**WHAT YOU ARE ASKED TO DO:**
Transcribe the listing below in full, exactly, with no images.

[[ GIVEN ENTRIES open ]]

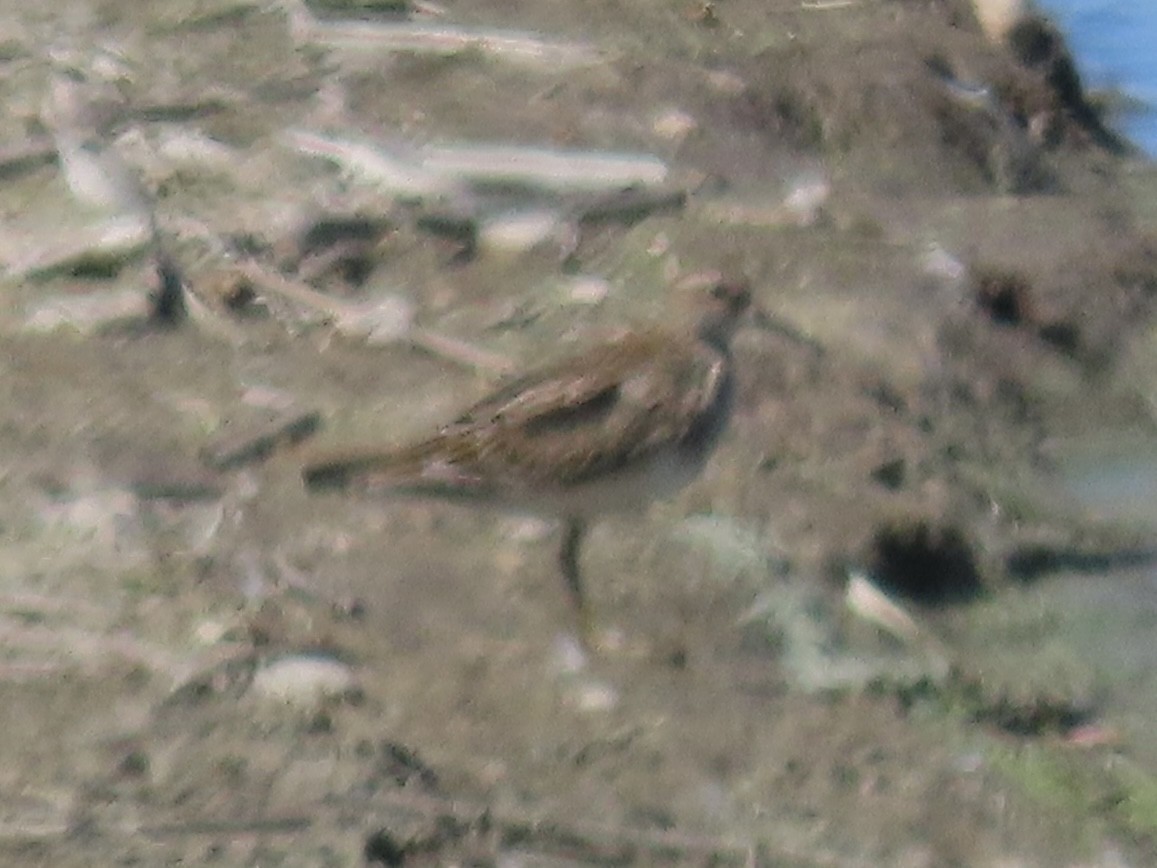Txirri pektorala - ML642068938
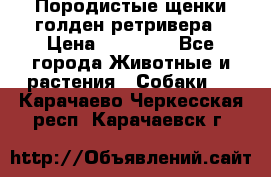 Породистые щенки голден ретривера › Цена ­ 25 000 - Все города Животные и растения » Собаки   . Карачаево-Черкесская респ.,Карачаевск г.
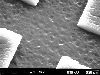 patterned ta-C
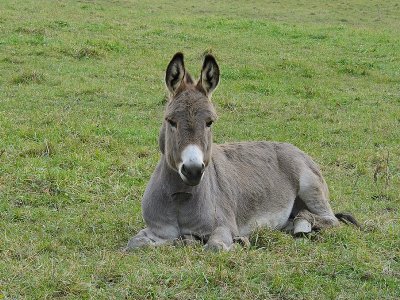 Paseo en burro en Santa Susana 1 hora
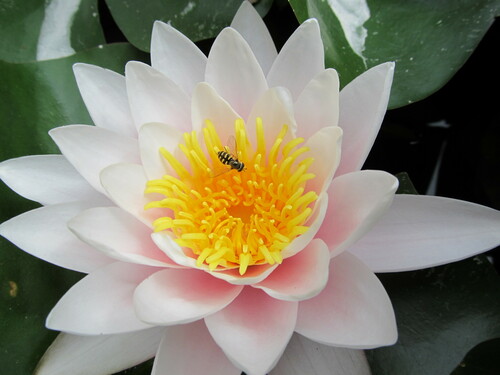 European white waterlily (Nymphaea alba)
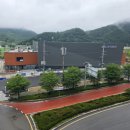대양체육관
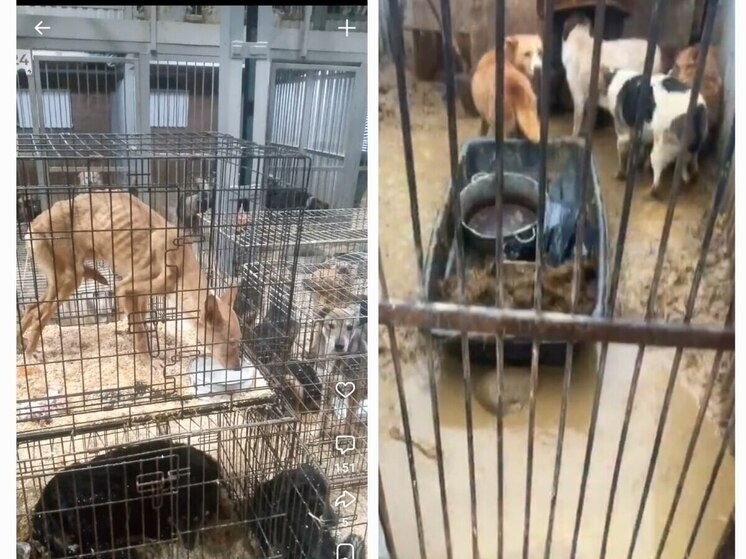     фото: скриншот из видео Владимира Шумилина, который проник в отлов «Добрые люди»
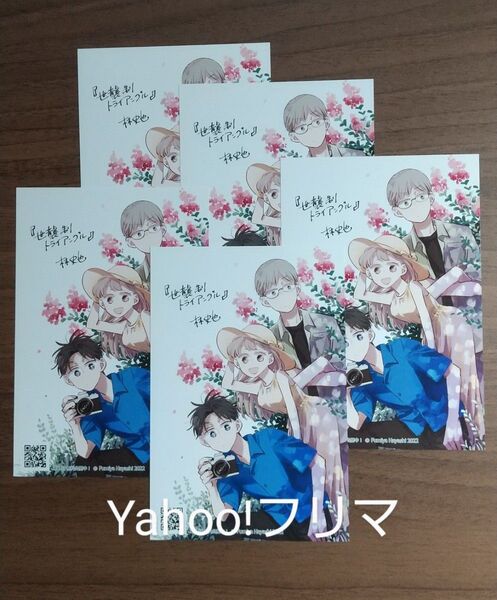 厚紙補強●特典5枚● 世襲制トライアングル イラストカード ポストカード 林史也 ●アニメイト ゲーマーズ 角川コミック応援店限定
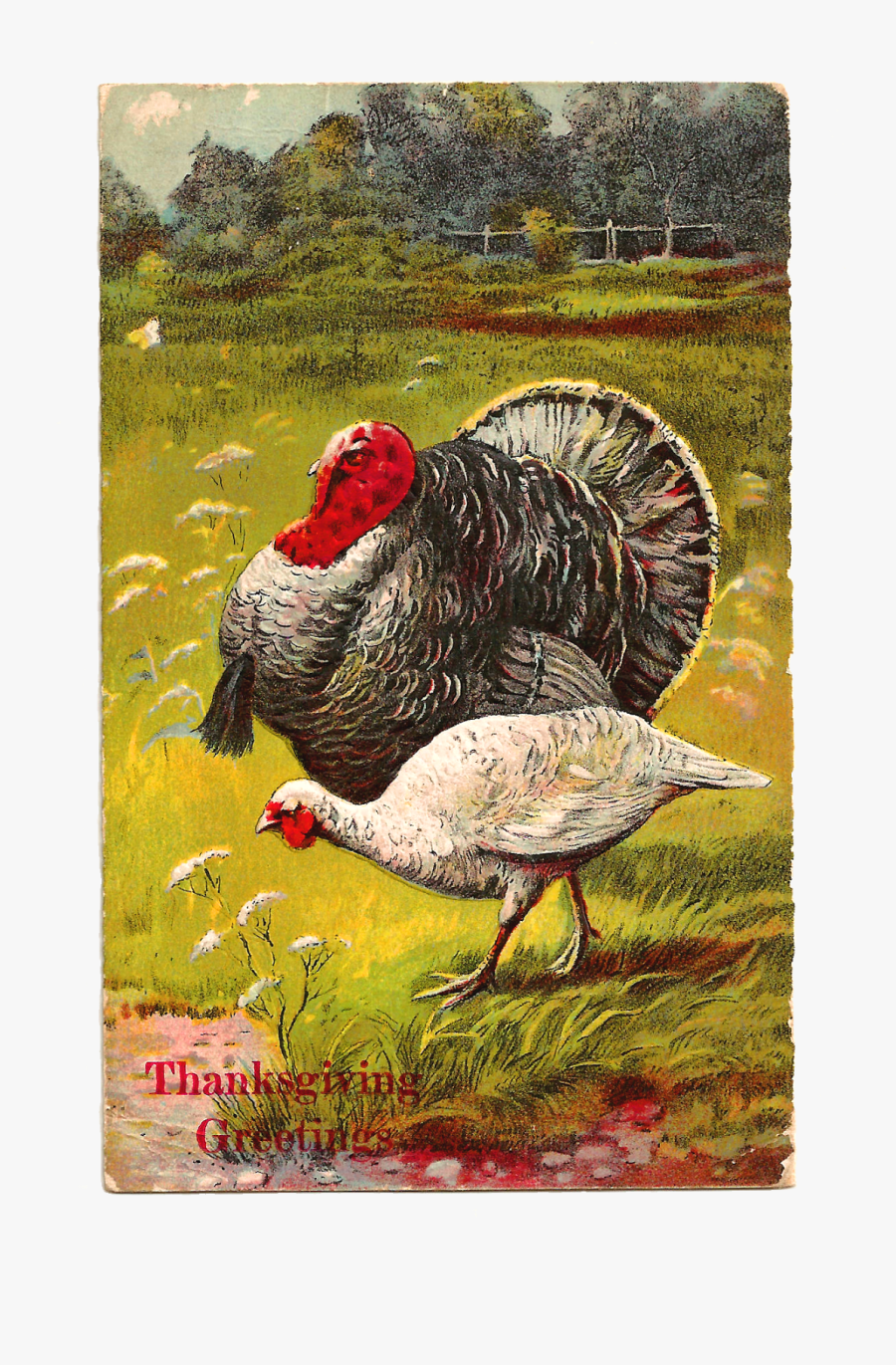 Thanksgiving Clipart Greeting - Turkey, Transparent Clipart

[[ GIVEN ENTRIES closed ]]

**WRITTEN ANSWER:**
Txirri pektorala - ML642068938
 Породистые щенки голден ретривера › Цена ­ 25 000 - Все города Животные и растения » Собаки   . Карачаево-Черкесская респ.,Карачаевск г.
 patterned ta-C
 Paseo en burro en Santa Susana 1 hora
 European white waterlily (Nymphaea alba)
대양체육관
     фото: скриншот из видео Владимира Шумилина, который проник в отлов «Добрые люди»
 厚紙補強●特典5枚● 世襲制トライアングル イラストカード ポストカード 林史也 ●アニメイト ゲーマーズ 角川コミック応援店限定
 Thanksgiving Clipart Greeting - Turkey, Transparent Clipart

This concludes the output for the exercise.